You can pickle that

With the proper planning it’s possible to get a taste of summer-fresh produce all year round.

It is possible to bottle summer. - SIMON THIBAULT
Simon Thibault
It is possible to bottle summer.

In the heat of summer, remember the dead of winter.

When the farmers' markets and roadside stands have tables aching under the weight of cucumbers, tomatoes, raspberries and everything else under the sun, you should remember what snow looks like outside your window.

Because it is possible to bottle summer.

Lisa Marie Brow believes this. She's the head baker at Dartmouth's Two If By Sea and an avid gardener. It was her abundance of fresh produce that pushed Brow to learn how preserve almost everything that came out of her garden in all sorts of ways, from pickles to jams and more.

"It just gets you excited, the idea of cracking into something in January that tastes as fresh as when you harvested it is so soothing," she says. Brow has fond memories of eating her grandmother's freezer jams, and she wanted to recreate that feeling, but with the food she made herself. "It makes me feel a little more down to earth, and less detached from my country upbringing," she says.

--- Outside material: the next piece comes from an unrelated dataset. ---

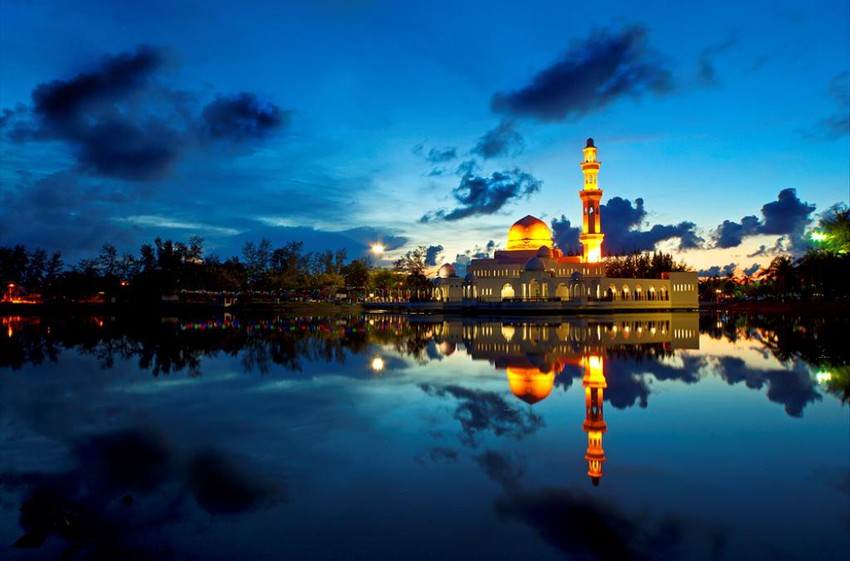 المسجد العائم ايقونة إسلامية مميزة في ماليزيا طقس العرب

But Brow doesn't romanticize the work required in preparing food for bottling and canning. "My friend and I drove to the Valley once and spent an afternoon and filled the back of the car with dill and pickling cucumbers. We made 50 jars of pickles and pickled peppers."

That's right. Fifty.

"It's a process," she says, "and it doesn't make sense to do it on the small scale. So go big or go home." All the work is worth it for Brow, who now finds herself indulging in all sorts of goodies from her pantry, including her favourite dilly beans. "There is a flavour and charm that you canned this yourself, you sweated over this."

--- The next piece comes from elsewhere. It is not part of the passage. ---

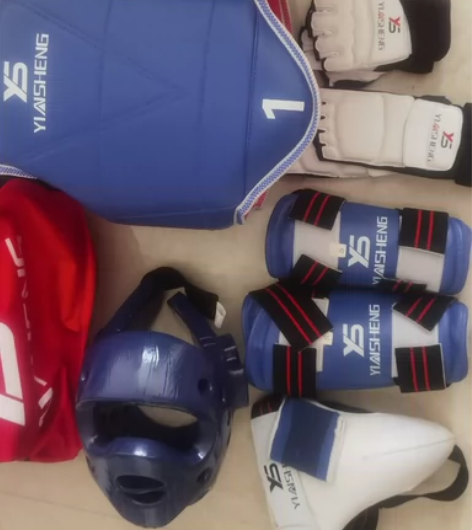 银盛跆拳道护具全套儿童五八件套实战跆拳道服...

Brow sees preserving as a way to respect the summer, by choosing foods when they are at their best. When she picks cucumbers for pickling, they can't have blemishes or anything of the sort. "You're preserving the perfect, you want to get it at the peak," she says. Getting things at their peak also means buying them as locally as possible, she says. "I wouldn't buy English cucumbers from wherever regular grocery stores get their stuff. It has lost its integrity. The closer you can get it from the ground into your bottle is where you will taste the difference."

Aimee Carson is a food co-ordinator with the Ecology Action Centre. She teaches classes on all sorts of ways to preserve foods, from bottling to fermenting. When it comes to work, Carson thinks that it's important to embrace the collective spirit in preserving foods as a joyful and rewarding part of the process. "When people do collective activities that they have been doing for generations, it's about regaining that traditional knowledge that has so many historical and social facets to it," she says. "When they do it together, all kinds of things open up in that way, and people connect in different ways. It serves as an ultimate convener."

She views preserving food as a way to extend the shelf life of eating seasonally. "Let's say we buy blueberries and preserve them, so in the winter we don't buy California-grown ones," she explains. "That in itself is a huge, as we invest in the local economy and support local farmers, and eat local food all year long."

Beyond the personal or social connections found in preserving, there is something to be said for how preserving food can provide people with a sense of pride. "When you recover a skill set you never imagined you had, it's like a child learning something new," says Carson. "I took this thing and created it into something that has value."